With speakers, analysts, exhibitors and investors all converging in the same space, the World Resource Investment Conference (WRIC) is a great opportunity to gauge the pulse of the Canadian junior mining and exploration sectors. Of course, with a year that has unfolded the way it has for the junior mining and exploration space, many attendees and speakers were content that there was a still pulse to be found at all.
Since January (the time of the last resource conference) the TSX Venture, where many Canadian exploration and mining stocks are listed, has declined about 24% and is drifting towards lows not seen since 2008.
Going into this year’s conference, it was a safe bet that was going to be a lot of doom and gloom to go around. The sentiment from several speakers and from attendees was that there weren’t as many investors through the door as has been previously observed. One blog post stated the following of the conference:
“The place was dead. I have never in my life seen this trade show so dead.”
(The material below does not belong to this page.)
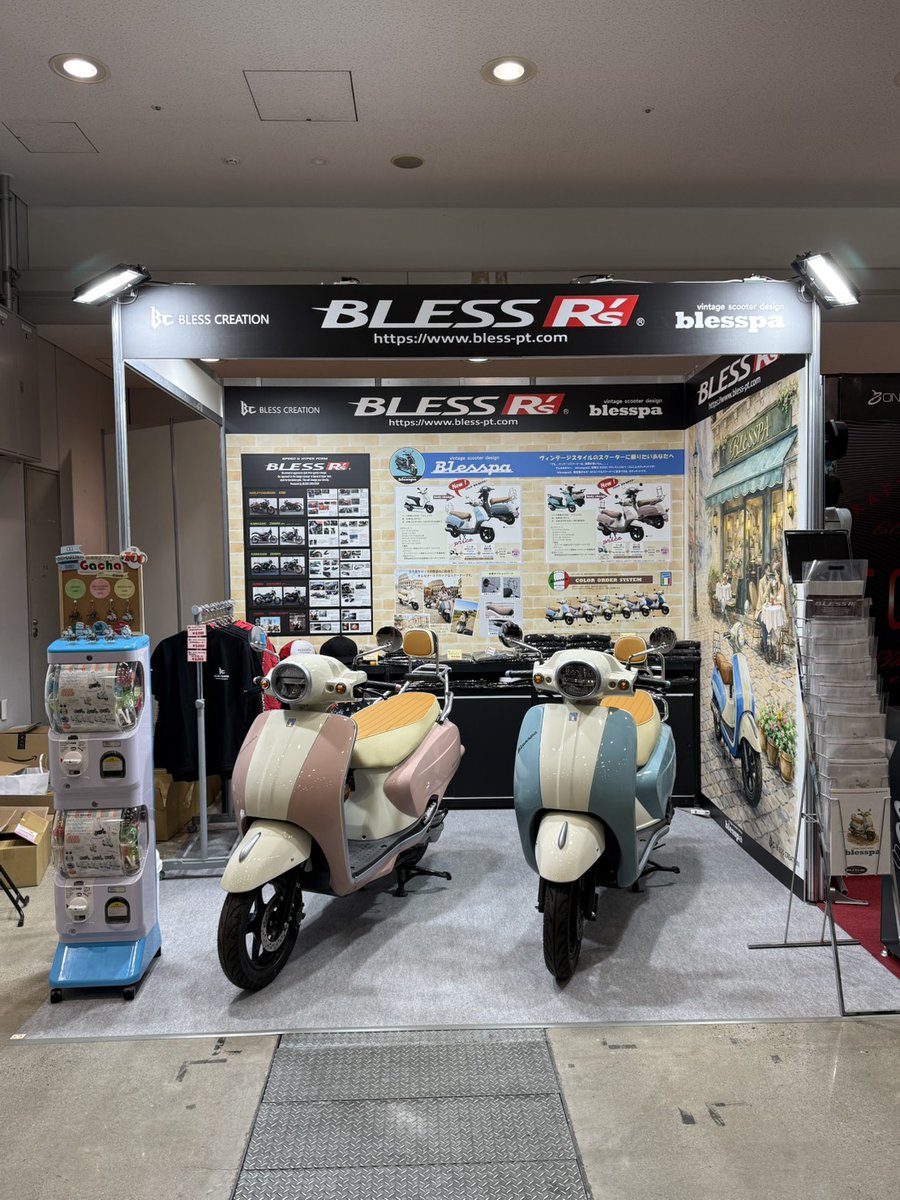 BLESSRs_PR's tweet photo. 『bless pa』（ブレスパ）ブース無事に施工終了しました。お楽しみのガチャガチャも設置完了です。何が出るかは回してからのお楽しみです。
展示場所は西１ホール、小間番号：1−57でBless Paデモ車両2台と皆さのお越しをお待ちしております。三日間「オートバイ」で盛り上がりましょう！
Sobering statistics put forward by sector analyst John Kaiser also fanned the flames of negativity. According to Kaiser’s research the list of companies on the TSX Venture with less than $200,000 in the bank has climbed to over 700, a sign that many of these companies will simply not have the capital on hand to continue operating. Brent Cook, author of the Exploration Insights newsletter, echoed the same sentiment in his interview.
The consensus, it appears, is that things in the junior mining sector seem likely to get worse before they get better.